Monday, June 3, 2013

Journal, Day 1

Life continues to spiral out of control.
The moment you think you've found some secure footing, however exhausting it is to maintain, another part of the floor drops out from beneath you and you cling to whatever comes to hand, even knowing it will only support you for a few brief moments.

Is this "adulthood"?
This tumbling from one creaky support to another, hoping each time you've hit bedrock, only to find it's just another rotted-out rope bridge?

Beyond all the home-ownership and car-ownership and MONEY, we were promised stability.

Peace of mind.

That if we worked harder, suffered longer, and planned more intensely, we would eventually reap the benefits. The kind our parents enjoy. The kind sitcoms detail in each succeeding episode.

When will it be our turn?

Or are we (or our older siblings, Generation X) merely the beginning of the end of the great American experiment, the initial rumblings of impending doom which we all feel in our hearts?

I wish I could say whose fault this is.
I wish I could point a single finger and yell "Get 'em!"
I wish a single act of removal would send shockwaves of positive energy throughout the system, repairing what is broken, filling in gaps which have existed for centuries.

But I can't.
Because it wouldn't.

Of course, in the midst of all that, it seems as though everyone around me has it all happily under control.
Everyone else has their dream job, or at least one which makes enough money that they don't have to worry.
Even the ones dragging around way too many children.

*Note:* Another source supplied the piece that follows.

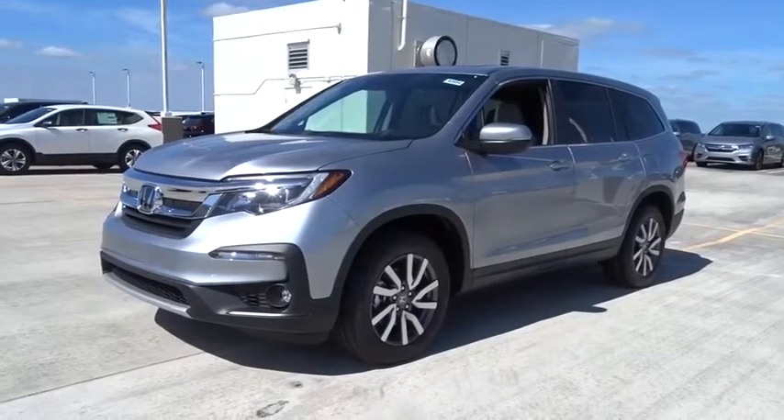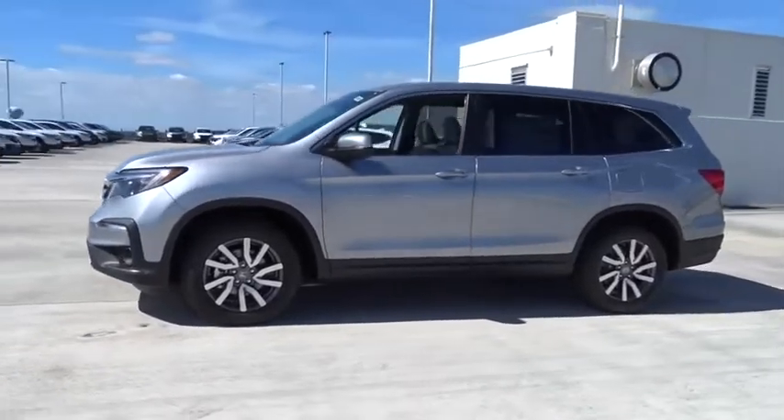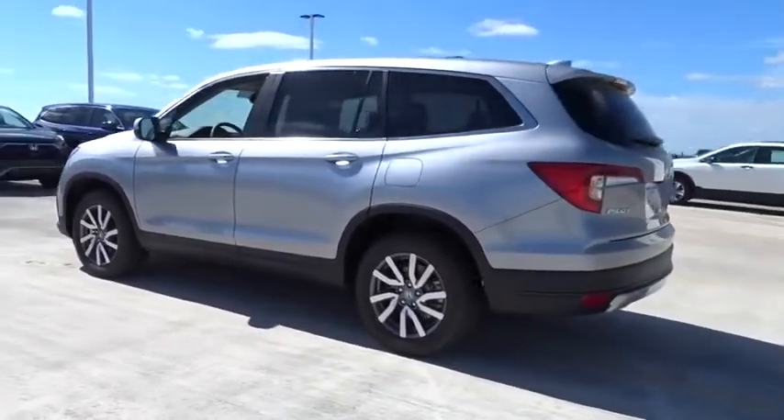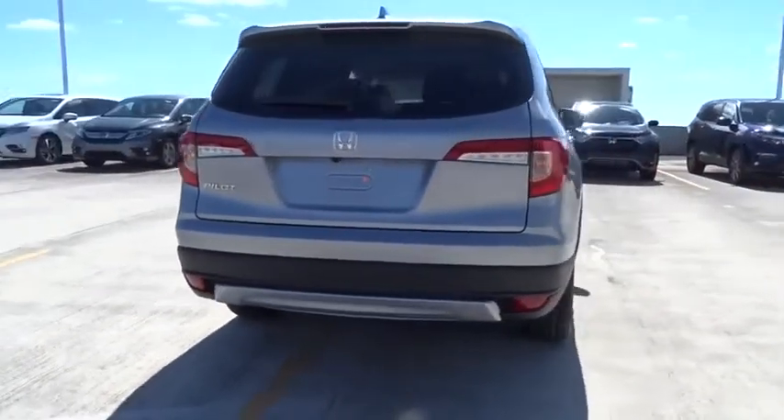Stop by and take a look at the 2020 Honda Pilot — Optimal Utility, Indulgent Interior, Powerful Performer. You'll be ready for almost anything in the Honda Pilot. Here are some of this vehicle's great options.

Are they better at faking it?
Do they really have it under control?
Or am I just delusional, hit with uber-level grass-is-greener syndrome?

I'm to the point where I can't even do the old Animal Farm adage, "I WILL WORK HARDER!"
I'm already working two jobs, both of which are very physical and are probably causing long-term health issues and which leave me with almost no time to rest.

This being a "right-to-work" state (seriously the WORST case of false advertising EVER), even if I'm a model employee who gives %110 %100 of the time (which with this workload could be fatal in the long run), there's nothing stopping them from ditching me at the first sign of a budget cut.

Kinda hard to be a good little employee with that looming in the background at all times, even if you like the people you work with.

Which is an ironic little thought, given that I get along with most of the people at the minimum-wage job that I've only been doing since January, yet am constantly in conflict with both my coworkers and management at the $10/hour job which I've been doing for almost six years.

I know what I want to eventually do for my big multi-decade job.
I want to teach college writing.
However, it requires graduate school, and I'm still dragging around a LOT of student loans from my wild-oats period...which just happened to be spent at a private Christian college.
Bleh.

Oh well.
It led to my wife, so it's hard to regret it, even though the consequences are going to become an increasing problem in the coming months.


Sorry for the rambling, but I haven't been writing much lately and this has been a huge weight on my mind.

1 comment:

  1. Yes, they are better at faking it. No, they don't really have it under control. You are not delusional.

    When my parents got divorced a couple years ago, that really sucked, But it was for the best, and I think it was a good example of adults who somehow lasted 20 years living a life that didn't really suit them. They kept the discomfort bubbling under the surface until there was nothing left (kids) to hold down the lid.